In Kenya, young women are five times as likely as young men to be HIV positive.

In Zambia, aids has reduced a woman's average life expectancy to 37 years. Across the continent, women are struggling to educate orphans, care for the sick, and feed their families under the weight of this epidemic.

Encouraging people to always use condoms and be faithful to one partner is important, but it is not enough. In fact, we know that in some cases marriage, or what a woman believes is a monogamous relationship, can actually increase a woman's risk of HIV.

A woman may not be able to convince her partner to use condoms - or she and her partner may want to have children, which they cannot do while abstaining or using condoms. And remaining faithful to her husband cannot protect a woman whose husband is not faithful to her.

To successfully defeat Aids we must do more to help women to protect themselves.

A vaccine to prevent HIV, once developed, could save millions of lives. Another promising tool is a microbicide, a vaginal gel, ring or tablet that women could use to prevent infection.

Advocates in Africa

Microbicides are not yet available, but researchers and advocates in Africa and around the world are working to develop them and carry out clinical trials to test if they are safe and effective in preventing HIV infection.
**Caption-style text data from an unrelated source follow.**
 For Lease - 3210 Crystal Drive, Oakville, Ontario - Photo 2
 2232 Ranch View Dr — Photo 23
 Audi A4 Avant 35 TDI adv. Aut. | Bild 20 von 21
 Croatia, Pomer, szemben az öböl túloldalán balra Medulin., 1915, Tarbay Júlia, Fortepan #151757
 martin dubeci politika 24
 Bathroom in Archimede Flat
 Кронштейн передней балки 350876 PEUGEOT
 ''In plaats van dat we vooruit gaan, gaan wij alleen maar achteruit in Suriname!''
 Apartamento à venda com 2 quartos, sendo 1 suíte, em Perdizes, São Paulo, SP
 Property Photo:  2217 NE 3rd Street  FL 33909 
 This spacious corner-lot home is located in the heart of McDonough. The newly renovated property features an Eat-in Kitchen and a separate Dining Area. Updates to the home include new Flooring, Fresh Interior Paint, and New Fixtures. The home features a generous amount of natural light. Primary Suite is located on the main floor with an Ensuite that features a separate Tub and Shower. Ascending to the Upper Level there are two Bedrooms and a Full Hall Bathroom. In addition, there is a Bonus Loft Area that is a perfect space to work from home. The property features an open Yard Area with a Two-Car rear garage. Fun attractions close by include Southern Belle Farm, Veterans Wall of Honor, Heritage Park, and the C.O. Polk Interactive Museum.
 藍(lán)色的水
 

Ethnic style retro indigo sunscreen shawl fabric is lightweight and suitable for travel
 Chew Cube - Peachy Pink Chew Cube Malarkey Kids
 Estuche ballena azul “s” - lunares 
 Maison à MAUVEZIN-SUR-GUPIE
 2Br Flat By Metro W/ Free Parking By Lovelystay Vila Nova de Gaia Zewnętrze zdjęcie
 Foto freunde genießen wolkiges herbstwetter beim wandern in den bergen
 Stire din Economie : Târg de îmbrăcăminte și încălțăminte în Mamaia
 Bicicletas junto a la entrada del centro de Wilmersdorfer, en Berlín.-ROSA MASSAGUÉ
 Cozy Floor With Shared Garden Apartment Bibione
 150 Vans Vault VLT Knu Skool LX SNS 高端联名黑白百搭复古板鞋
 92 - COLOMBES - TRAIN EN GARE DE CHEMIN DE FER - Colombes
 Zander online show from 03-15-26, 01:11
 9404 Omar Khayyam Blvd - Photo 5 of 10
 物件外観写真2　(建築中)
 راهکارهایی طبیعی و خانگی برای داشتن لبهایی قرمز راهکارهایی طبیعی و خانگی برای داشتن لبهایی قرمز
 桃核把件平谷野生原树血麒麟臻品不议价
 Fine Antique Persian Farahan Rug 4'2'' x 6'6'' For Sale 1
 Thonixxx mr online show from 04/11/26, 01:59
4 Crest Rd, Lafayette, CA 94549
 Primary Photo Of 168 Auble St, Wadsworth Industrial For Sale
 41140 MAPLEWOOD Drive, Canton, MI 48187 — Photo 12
By putting protection from HIV into the hands of women, a microbicide would slow the spread of the virus and finally allow women to take control over their own health.

We must prioritise research on these promising preventive technologies. At the same time, we must do more with the tools that already exist.

The female condom should be affordable and accessible to women in Africa.

We must expand prevention of mother-to-child-transmission services so that every pregnant woman receives the care and treatment she needs.

Like nearly all of us, the women attending this week's summit have lost family members, workmates, and friends to this disease.

These women are on the frontlines every day - the doctor working long hours in the clinic, the grandmother who cares for her orphaned grandchildren, the community care worker visiting the homes of the sick, the woman living with HIV who had the courage to say so publicly, the sex worker who spends her days educating her peers at the taxi rank.

These women are the ones who have told us of the desperate need for female-initiated HIV prevention approaches. After all, their lives and the future of our families and countries depend on it.

Elizabeth Mataka is the United Nations Secretary General's Special Envoy for Aids in Africa. Dr Zeda Rosenberg is Chief Executive Officer of the International Partnership for Microbicide.